To be honest, I haven’t really listened to much ‘Death/doom’ despite being a fan of early Katatonia. My interest in the other extreme genres of metal never really enabled me to dive into this niche of extreme music. So, when I got my hands on this album I wasn’t really sure what to expect, but rather decided to give it a try based on my remembrance of Katatonia. And boy was this a pleasant surprise. Self-Hatred provides an atmospheric and emotional record, which uses hunting and soothing melodies mixed with tortured vocals to invoke a sense of pleasant yet desolate impact on listeners that will sure make them come back for more.

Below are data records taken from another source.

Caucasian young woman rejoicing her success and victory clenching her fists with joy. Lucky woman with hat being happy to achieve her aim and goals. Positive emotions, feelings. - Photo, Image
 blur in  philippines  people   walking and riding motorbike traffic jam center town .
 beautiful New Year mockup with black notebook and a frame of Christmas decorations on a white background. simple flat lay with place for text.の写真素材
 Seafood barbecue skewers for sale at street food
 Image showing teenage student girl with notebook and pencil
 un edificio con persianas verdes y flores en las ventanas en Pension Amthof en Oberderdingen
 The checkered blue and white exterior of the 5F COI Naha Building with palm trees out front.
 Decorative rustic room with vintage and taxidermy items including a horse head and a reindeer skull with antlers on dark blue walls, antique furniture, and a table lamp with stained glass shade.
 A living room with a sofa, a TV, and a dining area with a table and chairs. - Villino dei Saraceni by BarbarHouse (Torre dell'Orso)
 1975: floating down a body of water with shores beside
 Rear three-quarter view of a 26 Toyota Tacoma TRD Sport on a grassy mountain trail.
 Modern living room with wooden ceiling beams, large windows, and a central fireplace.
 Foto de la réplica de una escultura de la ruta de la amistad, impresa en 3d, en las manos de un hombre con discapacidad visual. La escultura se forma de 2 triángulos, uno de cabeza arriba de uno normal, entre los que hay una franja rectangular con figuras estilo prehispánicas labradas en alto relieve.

Self-Hatred is a band from Czech Republic, and all their lyrics are in their own language, although the dark and depressive themes are almost palpable even to foreign ears. But as a matter of fact, this album is all about the music, which doesn’t hold back anything for foreign listeners. The sense of strong emotions is present all throughout the album. Use of melodic guitars and keyboards creates an atmosphere of doom and dread, and the typical yet appropriate implementation of deep death vocals, which are often chilly and tortured add a further layer upon the experience.
The production is clean and crisp, which is a plus cause anything too edgy might have deducted points in my book. The song-writing shows a level of maturity and musicianship that is quite a feat for such a young band. There is an abundance of heavy doom riffs, operatic sections of synths, some acoustic guitars, and also spoken words complementing the music. The vocals have some apparent black influences and the music at times even reaches the range of funeral doom which rather again can be attributed to the incredible scope of these talented artists.
There are almost no negatives to discuss here, only except maybe be the length, which is a bit short for my liking. I also would have loved a bit more use of clean vocals and acoustics. But what is on offer here is a passionate and emotional ride through a dark and melancholic landscape. These people can play their instruments very well and knows what they are aiming at.
The highlights for me here would be the opener ‘Konnec’, ‘Odraz’, ‘Hlubiny’, ‘Strepy’ and the ending track ‘Epitaf’. The heavier track ‘Strepy’ followed by equally punchy ‘Vzplanuti’ delivers just the required push after such a deeply melancholic first half and the beautifully emotional ‘Epitaf’ closes the record on a high note inviting the listeners to immediately dive in for a replay.
I will definitely be eager to listen to what this band has to offer in the future, cause there is much to love here for any fans of death/doom and fans of emotional metal as well.